Der Baum ist riesig und der Wald nicht zu überschauen. Hier oben fühle ich mich wohl.

Meine Artgenossen tummeln sich hier genau wie ich und fressen. Ich verstehe das überhaupt nicht.

Wieso nur habe ich immer Hunger?

Den ganzen Tag kaue ich an diesen Bambusästen, die nicht einmal gut schmecken. Vierzehn Stunden am Tag, immer das Gleiche.

Irgendwie ist das furchtbar langweilig und deshalb denke ich mir dann für die Rasselbande in meiner Nähe Namen aus.

Da gibt es Tipsi, ein wunderschönes, noch sehr junges und schüchternes Weibchen. Die meiste Zeit hockt sie in sicherem Abstand zur Gruppe und beobachtet. Besonders einen, Jakuti.

Er ist ein richtiger Draufgänger und Casanova und das scheint Tipsi wirklich sehr zu gefallen. Wenn er in ihre Nähe kommt, vergisst sie alles um sich herum. Aus diesem Grund ist sie schon öfter vom Baum gefallen.

Obwohl das herzzerreißend komisch ist, beachtet Jakuti sie gar nicht, weil sie eben doch noch viel zu jung ist, um sein Interesse zu wecken.

Zanka ist eigentlich schon ein Greis und scheinbar mit der rundlichen Lokita fast sein ganzes Leben zusammen. Die zwei sieht man immer nur gemeinsam. Sie bewegen sich etwas schwerfällig, darum glaube ich, dass sie schon recht alt sind. Darum scheinen sie auch das Oberhaupt der Gruppe zu bilden.

Wenn sich die beiden zanken, dann ist das im ganzen Wald zu hören, so laut schreien sie. Das Gekreische schallt schrill durch den Regenwald, dass die Vögel aufschrecken und sich gleichfalls kreischend davon machen.

Dabei gebärdet sich das Pärchen so wild, dass die Blätter wie dichter Schnee von den Bäumen fallen.

Ich habe gelernt, mich nicht in ihre Nähe zu wagen, bei solchen Streitereien.

Jumbino ist ein richtiger Streithengst, der sich mit jedem anlegt, der sich in sein Umfeld traut.

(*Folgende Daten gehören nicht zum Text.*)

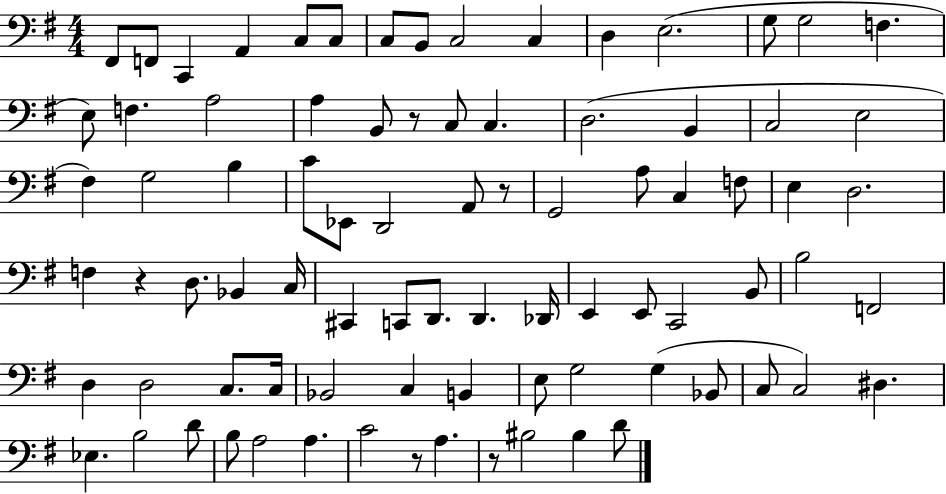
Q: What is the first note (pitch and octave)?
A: F#2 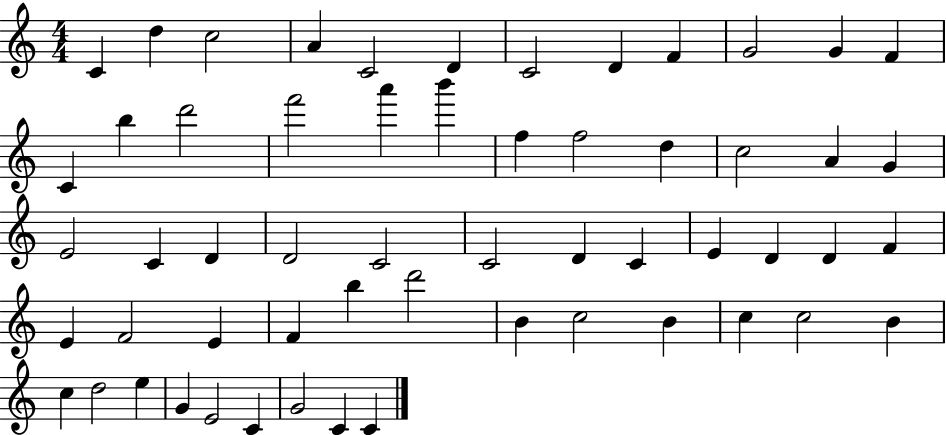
X:1
T:Untitled
M:4/4
L:1/4
K:C
C d c2 A C2 D C2 D F G2 G F C b d'2 f'2 a' b' f f2 d c2 A G E2 C D D2 C2 C2 D C E D D F E F2 E F b d'2 B c2 B c c2 B c d2 e G E2 C G2 C C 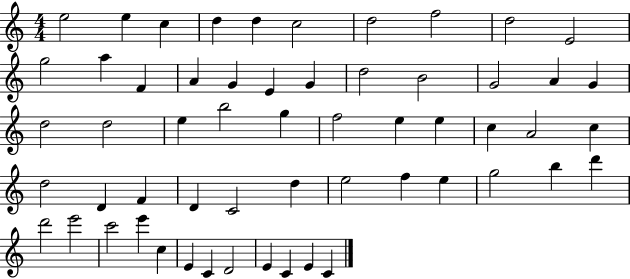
E5/h E5/q C5/q D5/q D5/q C5/h D5/h F5/h D5/h E4/h G5/h A5/q F4/q A4/q G4/q E4/q G4/q D5/h B4/h G4/h A4/q G4/q D5/h D5/h E5/q B5/h G5/q F5/h E5/q E5/q C5/q A4/h C5/q D5/h D4/q F4/q D4/q C4/h D5/q E5/h F5/q E5/q G5/h B5/q D6/q D6/h E6/h C6/h E6/q C5/q E4/q C4/q D4/h E4/q C4/q E4/q C4/q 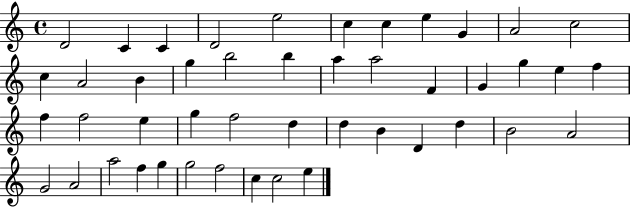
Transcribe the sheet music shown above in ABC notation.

X:1
T:Untitled
M:4/4
L:1/4
K:C
D2 C C D2 e2 c c e G A2 c2 c A2 B g b2 b a a2 F G g e f f f2 e g f2 d d B D d B2 A2 G2 A2 a2 f g g2 f2 c c2 e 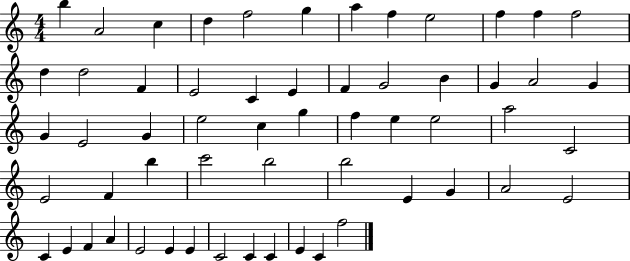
B5/q A4/h C5/q D5/q F5/h G5/q A5/q F5/q E5/h F5/q F5/q F5/h D5/q D5/h F4/q E4/h C4/q E4/q F4/q G4/h B4/q G4/q A4/h G4/q G4/q E4/h G4/q E5/h C5/q G5/q F5/q E5/q E5/h A5/h C4/h E4/h F4/q B5/q C6/h B5/h B5/h E4/q G4/q A4/h E4/h C4/q E4/q F4/q A4/q E4/h E4/q E4/q C4/h C4/q C4/q E4/q C4/q F5/h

Er scheint ständig auf der Suche nach Ärger zu sein. Es ist ja auch nicht so ganz normal, dass Pandas in einer Gruppe zusammenleben. Sie sind fast immer Einzelgänger. Das wäre sicher auch für Jumbino das richtige Leben, denn er will sich gar nicht einfügen. Deshalb provoziert er ständig den Streit.

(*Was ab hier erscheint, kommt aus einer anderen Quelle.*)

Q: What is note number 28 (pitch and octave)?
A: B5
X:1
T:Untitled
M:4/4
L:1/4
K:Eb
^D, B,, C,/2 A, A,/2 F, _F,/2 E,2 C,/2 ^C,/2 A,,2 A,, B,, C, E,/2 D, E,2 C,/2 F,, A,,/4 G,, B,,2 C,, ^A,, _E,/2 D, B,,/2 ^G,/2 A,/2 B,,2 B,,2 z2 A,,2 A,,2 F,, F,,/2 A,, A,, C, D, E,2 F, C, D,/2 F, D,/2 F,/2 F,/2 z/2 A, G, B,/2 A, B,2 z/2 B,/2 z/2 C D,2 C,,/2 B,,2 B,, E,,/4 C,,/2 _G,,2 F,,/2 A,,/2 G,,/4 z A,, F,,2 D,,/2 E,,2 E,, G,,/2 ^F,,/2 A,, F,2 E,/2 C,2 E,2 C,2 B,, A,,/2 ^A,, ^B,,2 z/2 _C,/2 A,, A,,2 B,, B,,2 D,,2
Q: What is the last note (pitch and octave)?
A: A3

Kautuki wiederum, das dritte Männchen, sucht seine Nähe und streitet sich wohl gern mit ihm herum.

Sie scheinen immer ein Thema zu finden. Der kleinste Anlass führt dann zu stundenlangen Diskussionen.

Wenn ich nur wüsste, worum es geht, aber ich kann sie nicht verstehen und sie mich auch nicht. Vielleicht irre ich mich, aber untereinander kommunizieren sie alle, nur eben nicht mit mir. Ich bin der Außenseiter. Vielleicht ist es auch besser so, da habe ich meine Ruhe.

Auch mir habe ich Namen gegeben. Sogar zwei!

Geht es mir gut, nenne ich mich Jamali, denn der Schwung dieses Namens klingt so positiv.

Fühle ich mich unwohl, was leider die meiste Zeit so ist, dann heiße ich Konfera. In dem Wort liegen nur Mutlosigkeit und Pessimismus.

Wir sehen scheinbar alle gleich aus. Ich habe lange gebraucht, die kleinen Dinge zu entdecken, die uns voneinander unterscheiden.

Wir sind nicht besonders groß, aber auch nicht klein, haben ein wunderschönes Fell. Die Beine sind schwarz, bis auf Tipsi haben wir an unseren Stummelschwänzchen schwarze Spitzen. Jakutis schwarze Ränder um die Augen sind unterschiedlich groß, so dass sein Gesicht etwas unharmonisch wirkt, fast als würde er schielen. Jumbino hat nur ein schwarzes Ohr. Das sieht lustig aus und ich denke immer wieder, er streitet sich oft, weil die anderen über ihn lachen.

Zanka ist nicht nur der Älteste, sondern auch der Dickste in der Runde und ist scheinbar der Boss, wenn sich nicht gerade Lokita, die etwas kleiner ist, aber ihrem Mann im Leibesumfang nicht nachsteht, in den Vordergrund stellt.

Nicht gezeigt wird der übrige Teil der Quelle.